(To do) Although pictures appear in the data, the answer should contain only the lines from its start through the line with "Handmade Thorn Engraved", written out exactly.

(Supplied material Opens)

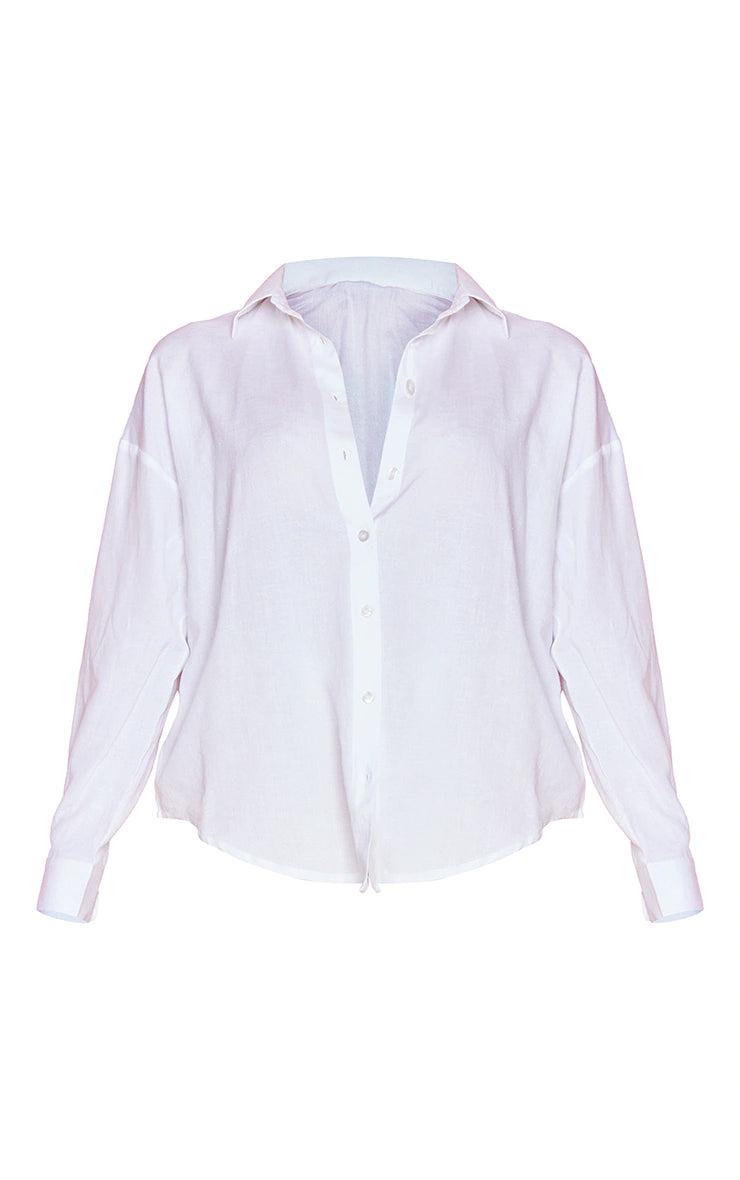 White Linen Feel Shirt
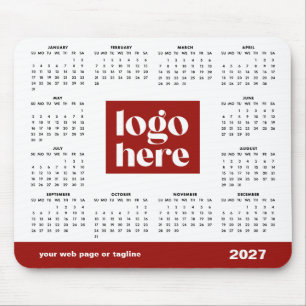 2027 Red Business Logo Calendar Mouse Pad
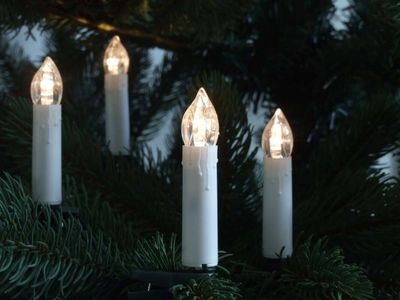 F-H-S International Lichterkette Weihnachtsbaum 24,5m 50 Kerzen 6/18h Timer Baumkerzen Außen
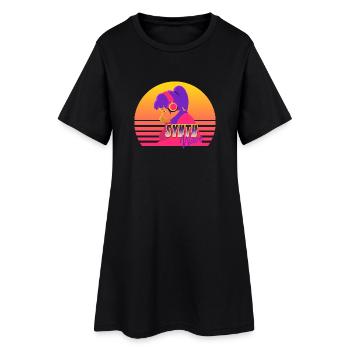 Synthwave Girl - Robe T-shirt Femme - noir - Devant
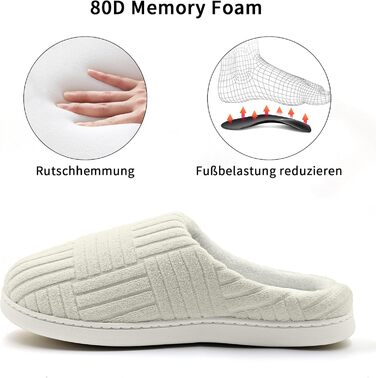 Зручні антиковзні домашні тапочки з Memory Foam з бавовни для жінок (40/41 EU, білі)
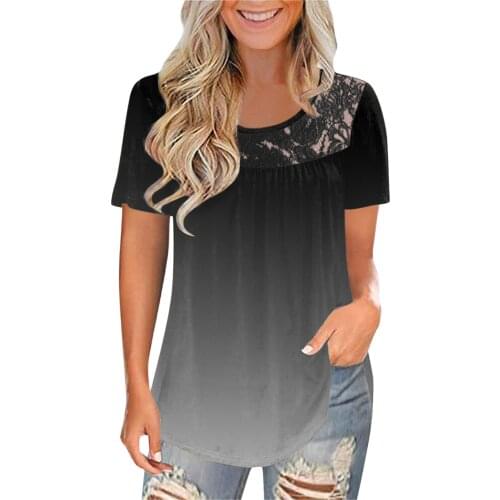 Fashion Lace Patchwork Blouses Women Tie Dye Printed Shirts Casual O-Neck Short Sleeve Summer Tops bluzki damskie блузка женская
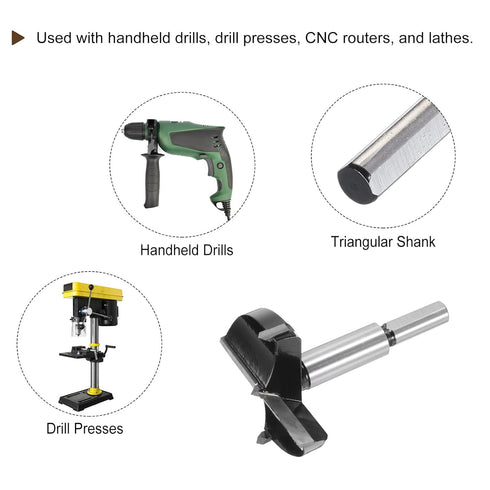 Forstner Drill Bit 60mm (2-3/8") K30/C1 Tungsten Carbide Tip Triangle Shank Opener Cutter for Woodworking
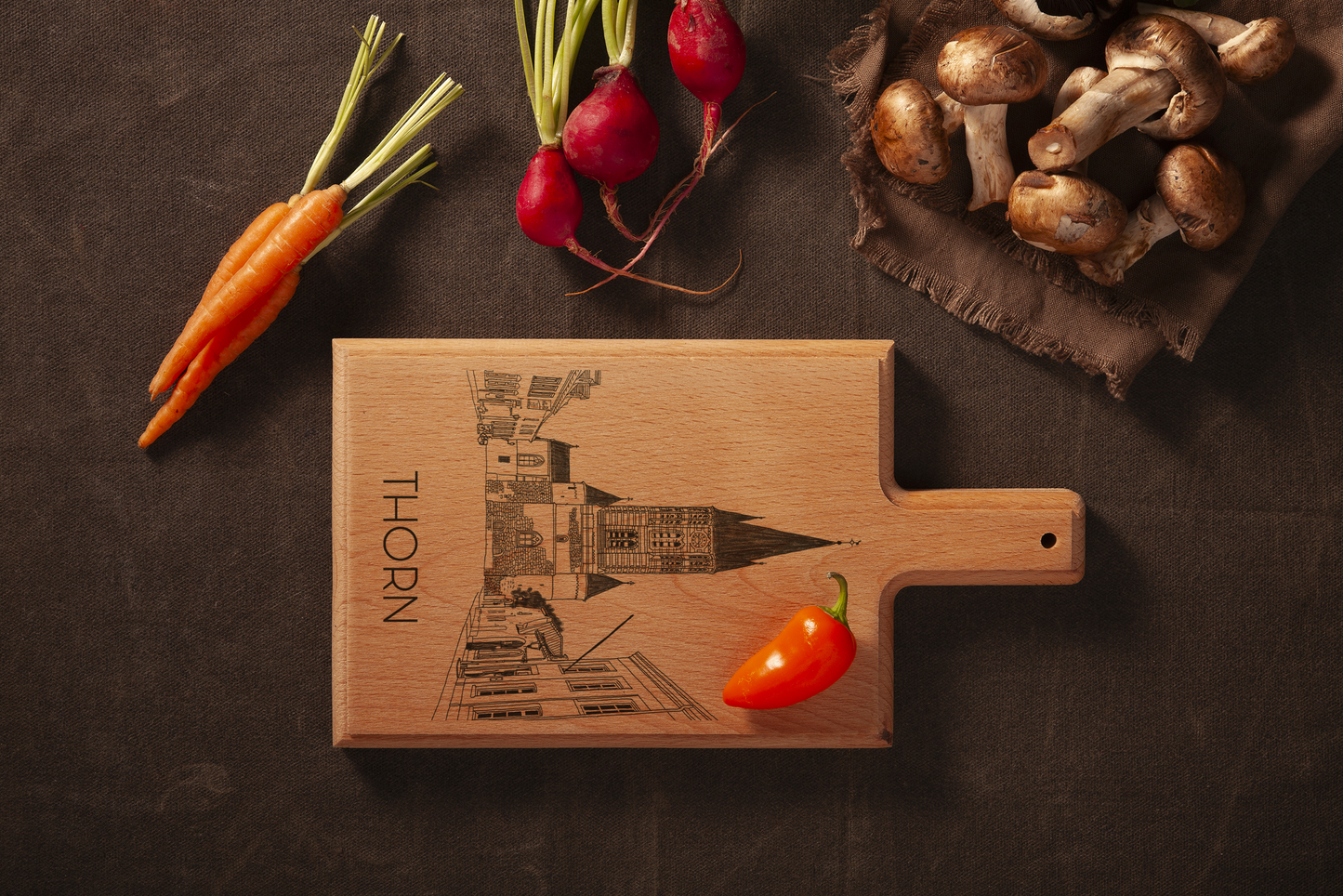 Handmade Thorn Engraved Cheese Board - Beech Wood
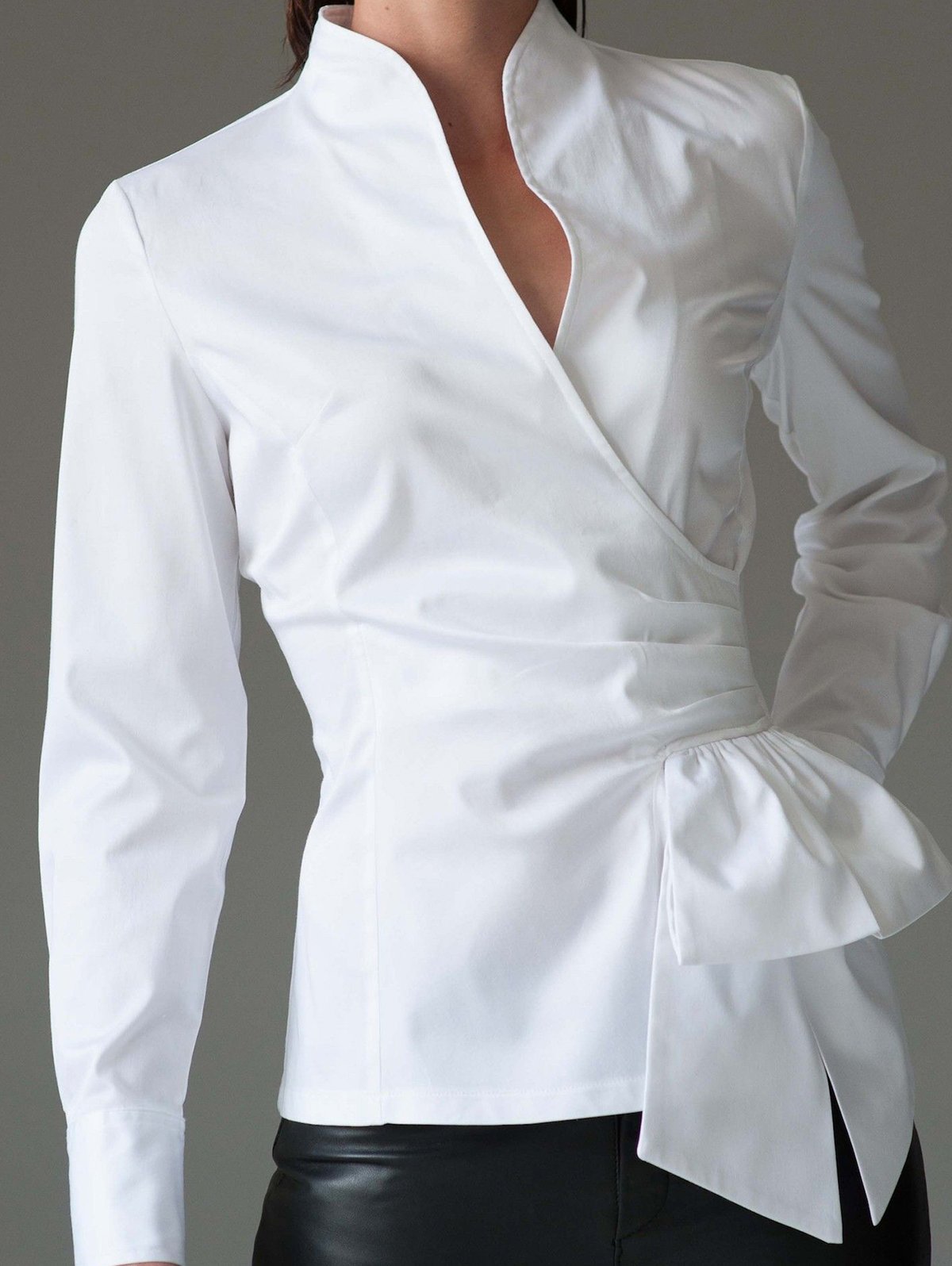 Casual Stand Collar Long Sleeve Bowknot Plain Blouse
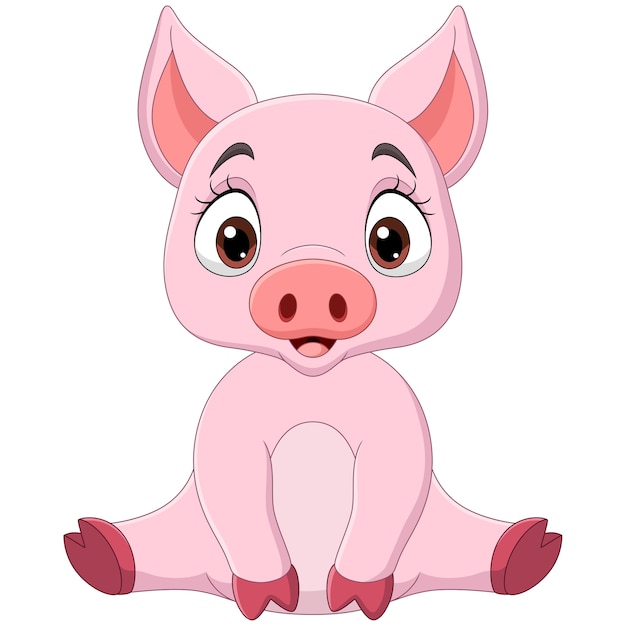 Cute baby pig cartoon sitting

(Supplied material Closes)

(Solution to the exercise)
 White Linen Feel Shirt
 2027 Red Business Logo Calendar Mouse Pad
 F-H-S International Lichterkette Weihnachtsbaum 24,5m 50 Kerzen 6/18h Timer Baumkerzen Außen
 Synthwave Girl - Robe T-shirt Femme - noir - Devant
 Зручні антиковзні домашні тапочки з Memory Foam з бавовни для жінок (40/41 EU, білі)
 Fashion Lace Patchwork Blouses Women Tie Dye Printed Shirts Casual O-Neck Short Sleeve Summer Tops bluzki damskie блузка женская
 Forstner Drill Bit 60mm (2-3/8") K30/C1 Tungsten Carbide Tip Triangle Shank Opener Cutter for Woodworking
 Handmade Thorn Engraved Cheese Board - Beech Wood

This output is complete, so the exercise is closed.